CTPIO Transmit Recovery - UG1586

Onload User Guide (UG1586)

Document ID
UG1586
Release Date
2026-01-22
Revision
1.4 English

The X4 Express datapath uses a new performance optimized CTPIO implementation with cut-through on PCIe, which provides further reductions to send latency. This means that if a PCIe error occurs during a CTPIO send the host software must handle it, as detailed below.

The PCIe Gen5.0 specification states a maximum bit error rate (BER) of 1E-12. AMD has not seen evidence of any PCIe errors occurring with X4 adapters during extensive testing over multiple months on multiple different OEM production servers.

If a PCIe error occurs in the middle of a CTPIO send, the adapter sends an EF_EVENT_TYPE_TX_ERROR to the host software.

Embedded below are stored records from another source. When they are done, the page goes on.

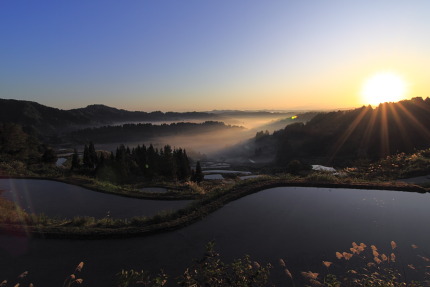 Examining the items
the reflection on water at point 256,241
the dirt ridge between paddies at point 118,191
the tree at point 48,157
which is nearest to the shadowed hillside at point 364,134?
the tree at point 48,157

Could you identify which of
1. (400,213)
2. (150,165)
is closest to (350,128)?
(150,165)

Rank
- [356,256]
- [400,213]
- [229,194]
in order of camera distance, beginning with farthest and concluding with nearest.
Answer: [229,194] < [400,213] < [356,256]

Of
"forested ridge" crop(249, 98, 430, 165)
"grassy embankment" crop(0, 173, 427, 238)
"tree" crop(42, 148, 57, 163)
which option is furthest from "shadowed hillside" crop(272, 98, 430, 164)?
"grassy embankment" crop(0, 173, 427, 238)

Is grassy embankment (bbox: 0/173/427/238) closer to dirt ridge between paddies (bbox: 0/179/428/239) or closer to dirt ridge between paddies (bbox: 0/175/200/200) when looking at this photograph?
dirt ridge between paddies (bbox: 0/179/428/239)

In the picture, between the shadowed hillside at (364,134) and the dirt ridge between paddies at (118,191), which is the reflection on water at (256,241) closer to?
the dirt ridge between paddies at (118,191)

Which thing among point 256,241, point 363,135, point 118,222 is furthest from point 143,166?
point 363,135

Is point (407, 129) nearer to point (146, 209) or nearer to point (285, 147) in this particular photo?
point (285, 147)

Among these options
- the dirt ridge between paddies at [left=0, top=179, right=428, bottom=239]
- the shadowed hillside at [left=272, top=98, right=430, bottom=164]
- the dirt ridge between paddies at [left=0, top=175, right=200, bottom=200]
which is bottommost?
the shadowed hillside at [left=272, top=98, right=430, bottom=164] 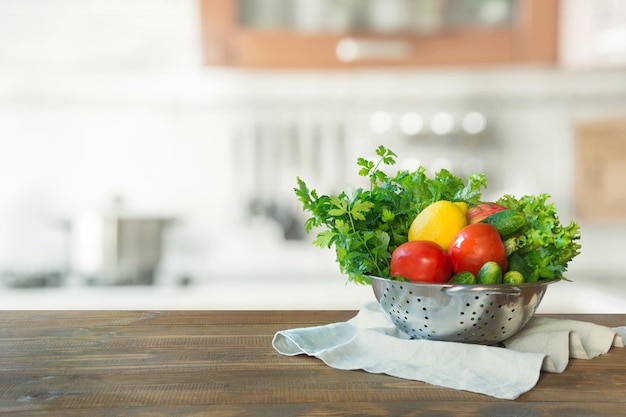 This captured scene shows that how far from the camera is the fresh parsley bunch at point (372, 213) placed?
2.97 feet

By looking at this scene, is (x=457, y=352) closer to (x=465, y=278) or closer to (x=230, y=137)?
(x=465, y=278)

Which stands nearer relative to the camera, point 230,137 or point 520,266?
point 520,266

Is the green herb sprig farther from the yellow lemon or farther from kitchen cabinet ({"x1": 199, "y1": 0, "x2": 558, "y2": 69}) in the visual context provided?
kitchen cabinet ({"x1": 199, "y1": 0, "x2": 558, "y2": 69})

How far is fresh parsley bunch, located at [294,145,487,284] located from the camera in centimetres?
90

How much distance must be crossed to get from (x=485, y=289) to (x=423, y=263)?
0.07 m

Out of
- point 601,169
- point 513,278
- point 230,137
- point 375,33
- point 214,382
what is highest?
point 375,33

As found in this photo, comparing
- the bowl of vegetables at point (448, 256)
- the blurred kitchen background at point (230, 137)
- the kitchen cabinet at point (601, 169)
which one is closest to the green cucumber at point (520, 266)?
the bowl of vegetables at point (448, 256)

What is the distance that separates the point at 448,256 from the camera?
0.88m

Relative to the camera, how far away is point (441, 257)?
863mm

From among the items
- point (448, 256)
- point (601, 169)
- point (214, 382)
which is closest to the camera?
point (214, 382)

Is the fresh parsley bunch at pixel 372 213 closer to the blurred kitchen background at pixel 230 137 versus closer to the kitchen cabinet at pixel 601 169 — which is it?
the blurred kitchen background at pixel 230 137

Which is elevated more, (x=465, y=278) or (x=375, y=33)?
(x=375, y=33)

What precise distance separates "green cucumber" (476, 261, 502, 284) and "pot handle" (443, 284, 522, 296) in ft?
0.04

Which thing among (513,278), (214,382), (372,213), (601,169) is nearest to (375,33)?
(601,169) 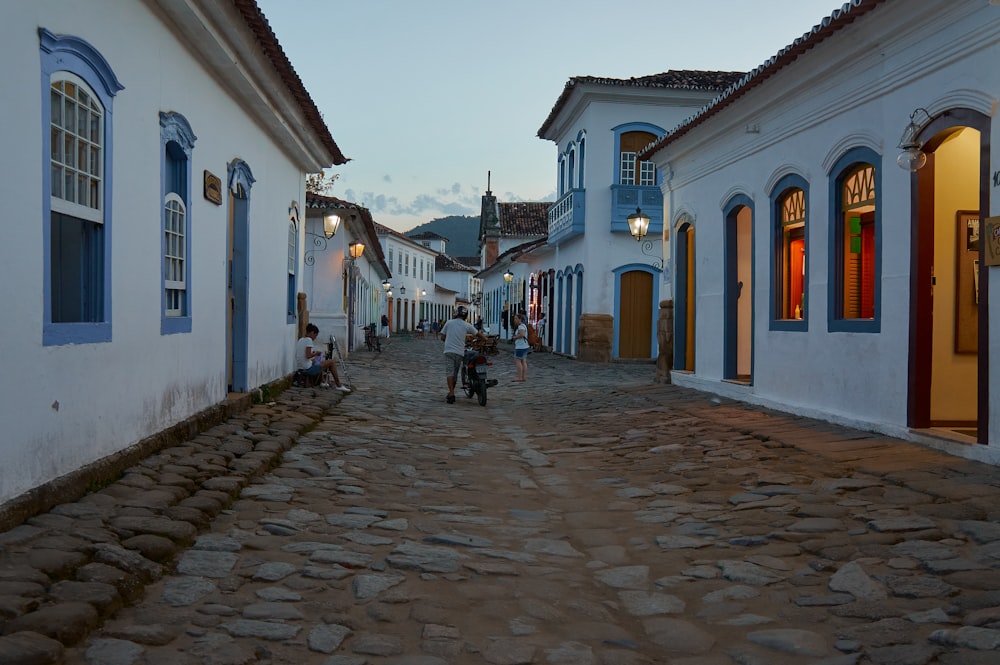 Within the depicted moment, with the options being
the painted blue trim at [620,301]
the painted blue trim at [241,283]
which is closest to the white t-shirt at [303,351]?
the painted blue trim at [241,283]

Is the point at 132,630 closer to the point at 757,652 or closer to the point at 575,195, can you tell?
the point at 757,652

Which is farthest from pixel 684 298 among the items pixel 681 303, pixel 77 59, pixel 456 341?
pixel 77 59

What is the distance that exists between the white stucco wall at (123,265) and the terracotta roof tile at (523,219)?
37.8 meters

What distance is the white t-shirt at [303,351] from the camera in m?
13.5

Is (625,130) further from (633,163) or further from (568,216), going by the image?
(568,216)

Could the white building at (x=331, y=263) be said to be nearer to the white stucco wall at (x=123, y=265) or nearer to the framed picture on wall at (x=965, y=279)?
the white stucco wall at (x=123, y=265)

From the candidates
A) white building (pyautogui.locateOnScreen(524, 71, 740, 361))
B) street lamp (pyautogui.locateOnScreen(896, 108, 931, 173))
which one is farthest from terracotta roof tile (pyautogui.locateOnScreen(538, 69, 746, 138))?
street lamp (pyautogui.locateOnScreen(896, 108, 931, 173))

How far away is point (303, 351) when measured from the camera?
1360 centimetres

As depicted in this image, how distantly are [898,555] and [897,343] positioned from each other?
390 centimetres


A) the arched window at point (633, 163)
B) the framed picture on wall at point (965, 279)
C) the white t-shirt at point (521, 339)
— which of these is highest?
the arched window at point (633, 163)

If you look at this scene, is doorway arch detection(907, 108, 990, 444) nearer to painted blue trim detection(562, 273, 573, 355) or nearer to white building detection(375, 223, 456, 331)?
painted blue trim detection(562, 273, 573, 355)

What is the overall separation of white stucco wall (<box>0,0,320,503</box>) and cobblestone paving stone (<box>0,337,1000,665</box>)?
0.43 m

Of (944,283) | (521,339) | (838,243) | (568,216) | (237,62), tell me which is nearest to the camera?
(944,283)

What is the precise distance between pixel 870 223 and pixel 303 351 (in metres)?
8.36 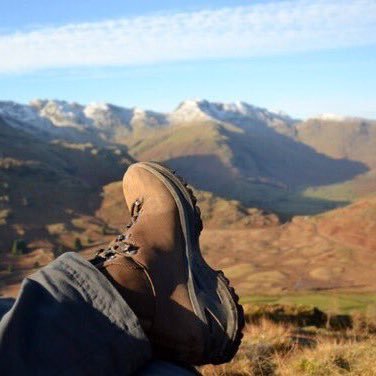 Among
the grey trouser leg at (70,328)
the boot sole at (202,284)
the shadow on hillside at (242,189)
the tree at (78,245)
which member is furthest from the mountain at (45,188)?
the shadow on hillside at (242,189)

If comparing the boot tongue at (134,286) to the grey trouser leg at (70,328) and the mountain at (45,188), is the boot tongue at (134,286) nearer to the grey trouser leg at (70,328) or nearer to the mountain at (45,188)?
the grey trouser leg at (70,328)

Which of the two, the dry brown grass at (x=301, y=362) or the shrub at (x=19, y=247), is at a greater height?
the dry brown grass at (x=301, y=362)

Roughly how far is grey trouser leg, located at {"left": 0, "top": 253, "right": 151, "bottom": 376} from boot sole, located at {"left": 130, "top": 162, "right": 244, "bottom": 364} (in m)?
0.55

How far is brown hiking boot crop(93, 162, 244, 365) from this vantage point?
103 inches

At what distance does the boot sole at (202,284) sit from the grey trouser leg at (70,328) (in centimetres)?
55

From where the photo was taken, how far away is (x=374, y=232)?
34406mm

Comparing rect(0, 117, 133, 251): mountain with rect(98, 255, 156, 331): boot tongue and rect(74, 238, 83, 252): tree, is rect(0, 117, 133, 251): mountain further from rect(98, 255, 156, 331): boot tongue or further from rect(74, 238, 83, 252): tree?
rect(98, 255, 156, 331): boot tongue

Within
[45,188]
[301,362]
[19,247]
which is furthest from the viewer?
[45,188]

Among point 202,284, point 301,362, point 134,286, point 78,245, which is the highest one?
point 134,286

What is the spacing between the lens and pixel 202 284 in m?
2.94

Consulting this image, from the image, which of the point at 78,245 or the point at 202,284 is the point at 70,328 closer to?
the point at 202,284

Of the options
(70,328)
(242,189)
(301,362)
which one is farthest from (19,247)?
(242,189)

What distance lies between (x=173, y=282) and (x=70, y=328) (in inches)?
34.3

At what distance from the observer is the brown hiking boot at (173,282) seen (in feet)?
8.57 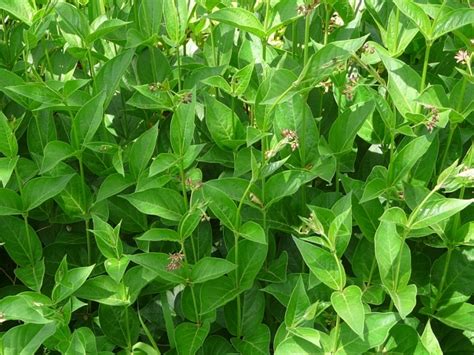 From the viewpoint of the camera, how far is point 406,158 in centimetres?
154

Onload detects this situation. On detection it increments the tx_error_events counter in onload_stackdump lots. It also logs this condition with a TX_ERROR like:

oo:udpsend[65889]: netif: [0] intf 0 TX_ERROR 7 [ev:3]

By default Onload automatically recovers by restarting the TXQ. Packets which are sent during the recovery period are dropped. To disable automatic recovery for a stack, configure EF_ENABLE_TX_ERROR_RECOVERY=0.

TCP normally retransmits any outgoing packets which have not been acknowledged. If TCP retransmission is undesirable for this use case, then configure EF_TCP_RST_DELAYED_CONN=1 so that if a TCP Retransmit Time Out occurs the TCP connection is reset instead of resending the packet.